PROBLEM TO SOLVE
Write out word for word each line of the records, beginning at the first and stopping after the line with "Осень технология. Проект". Leave the pictures out.

RECORDS SUPPLIED
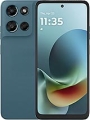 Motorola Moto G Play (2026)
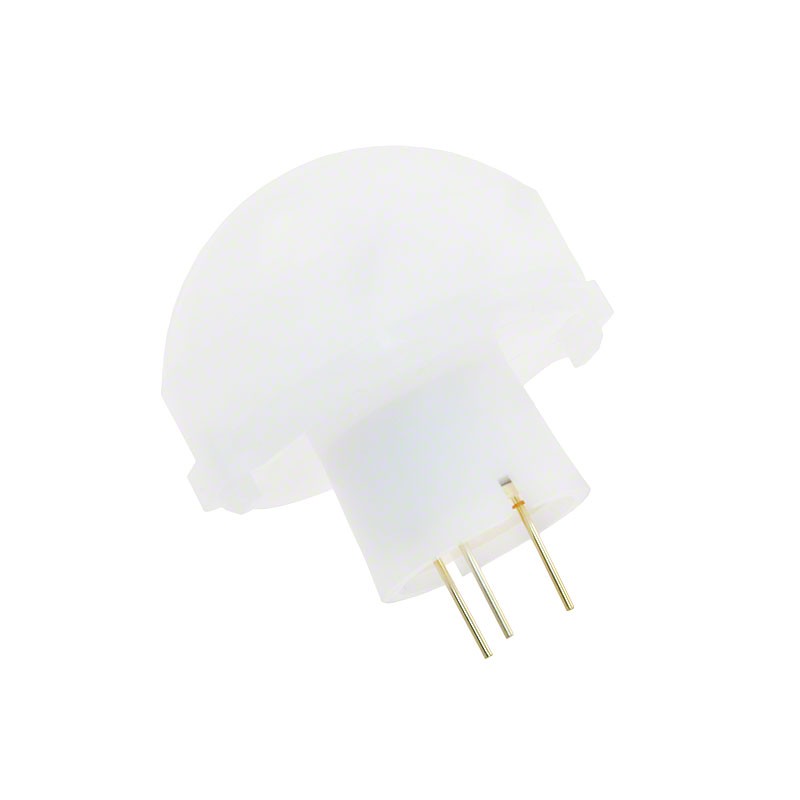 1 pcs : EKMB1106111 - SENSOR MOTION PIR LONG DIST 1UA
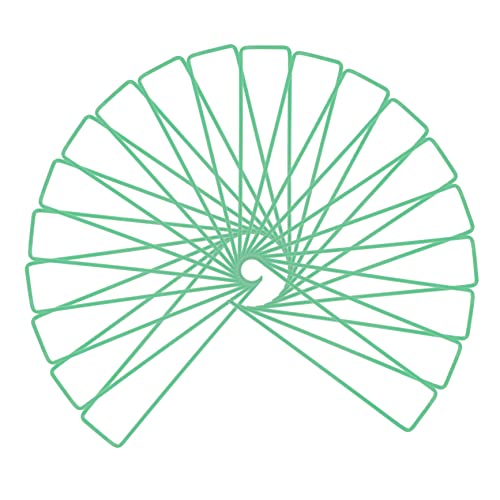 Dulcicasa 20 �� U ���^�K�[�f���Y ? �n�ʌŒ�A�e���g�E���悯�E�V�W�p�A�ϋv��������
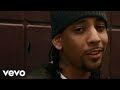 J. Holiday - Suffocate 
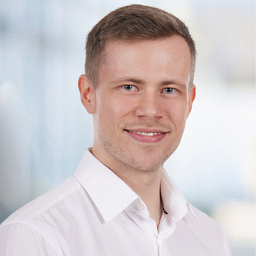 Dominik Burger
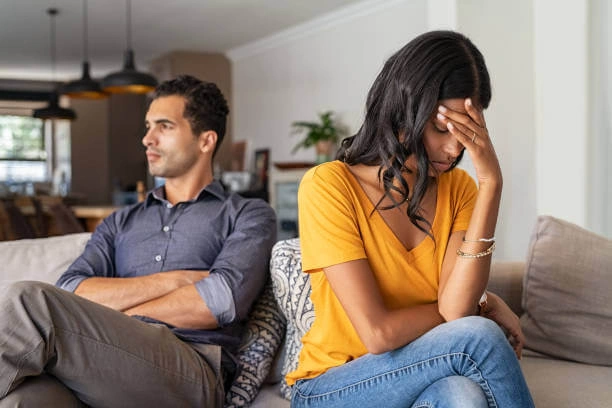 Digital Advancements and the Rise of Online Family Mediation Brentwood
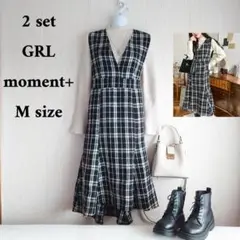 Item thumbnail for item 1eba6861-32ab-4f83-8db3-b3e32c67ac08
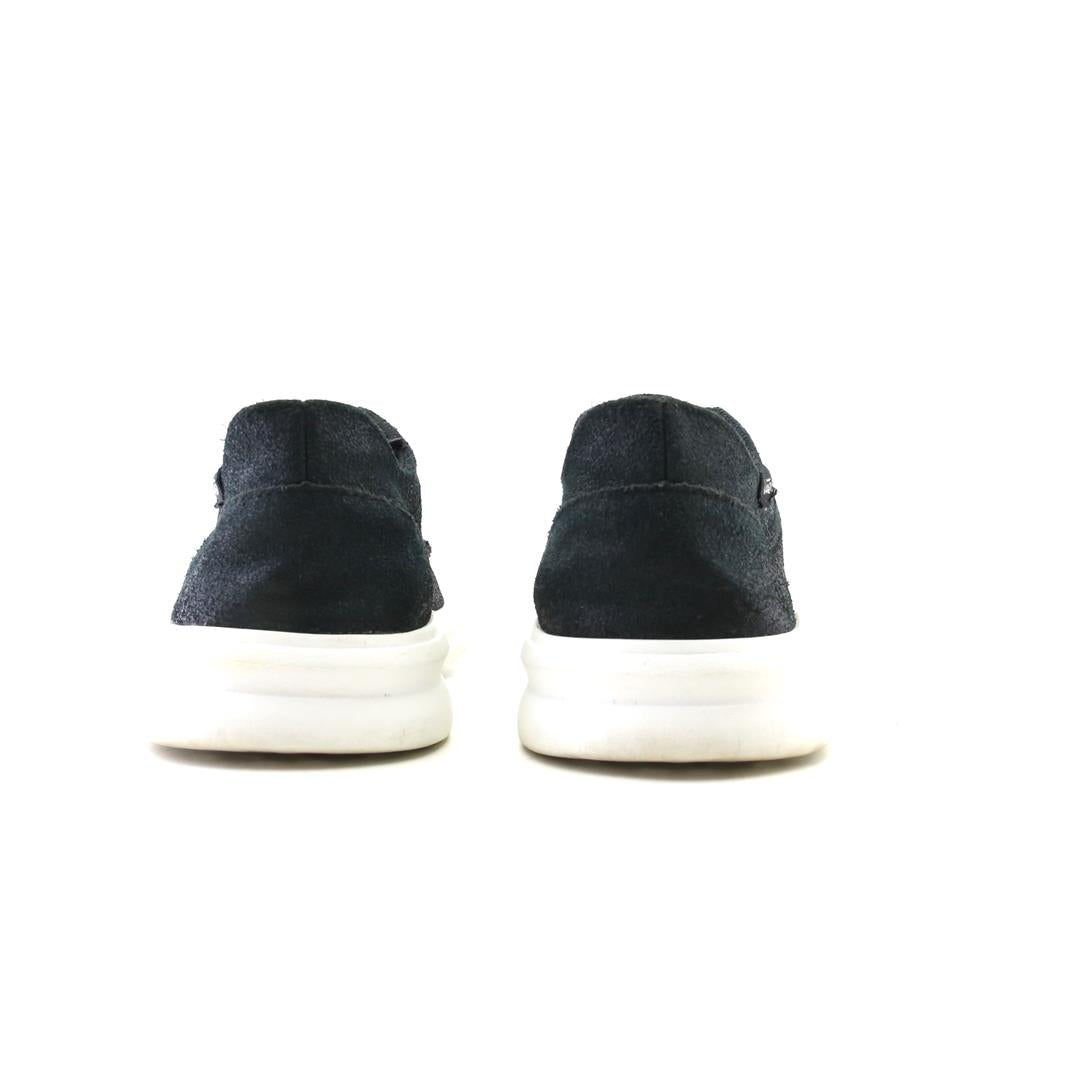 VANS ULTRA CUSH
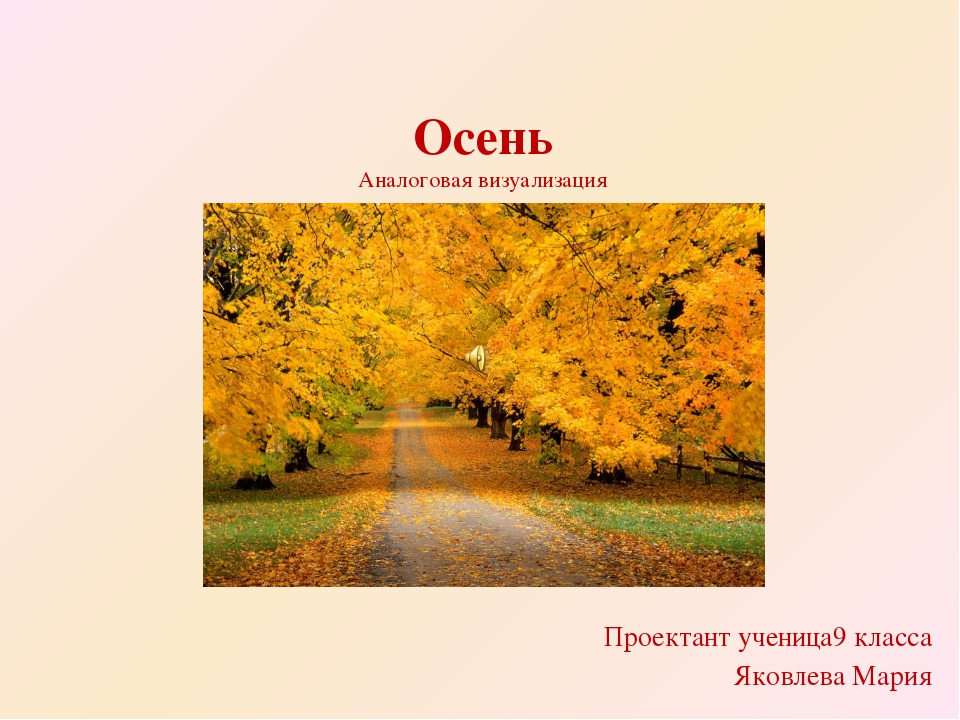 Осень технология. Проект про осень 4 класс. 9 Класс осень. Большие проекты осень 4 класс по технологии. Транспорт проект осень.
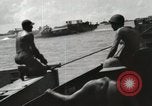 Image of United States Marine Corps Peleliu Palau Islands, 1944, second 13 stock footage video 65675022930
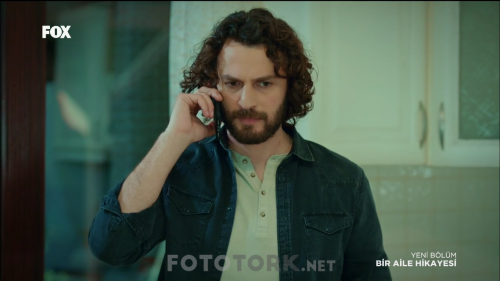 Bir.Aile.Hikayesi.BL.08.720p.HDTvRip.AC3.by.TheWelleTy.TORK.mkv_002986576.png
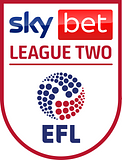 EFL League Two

TASK ANSWER
 Motorola Moto G Play (2026)
 1 pcs : EKMB1106111 - SENSOR MOTION PIR LONG DIST 1UA
 Dulcicasa 20 �� U ���^�K�[�f���Y ? �n�ʌŒ�A�e���g�E���悯�E�V�W�p�A�ϋv��������
 J. Holiday - Suffocate 
 Dominik Burger
 Digital Advancements and the Rise of Online Family Mediation Brentwood
 Item thumbnail for item 1eba6861-32ab-4f83-8db3-b3e32c67ac08
 VANS ULTRA CUSH
 Осень технология. Проект про осень 4 класс. 9 Класс осень. Большие проекты осень 4 класс по технологии. Транспорт проект осень.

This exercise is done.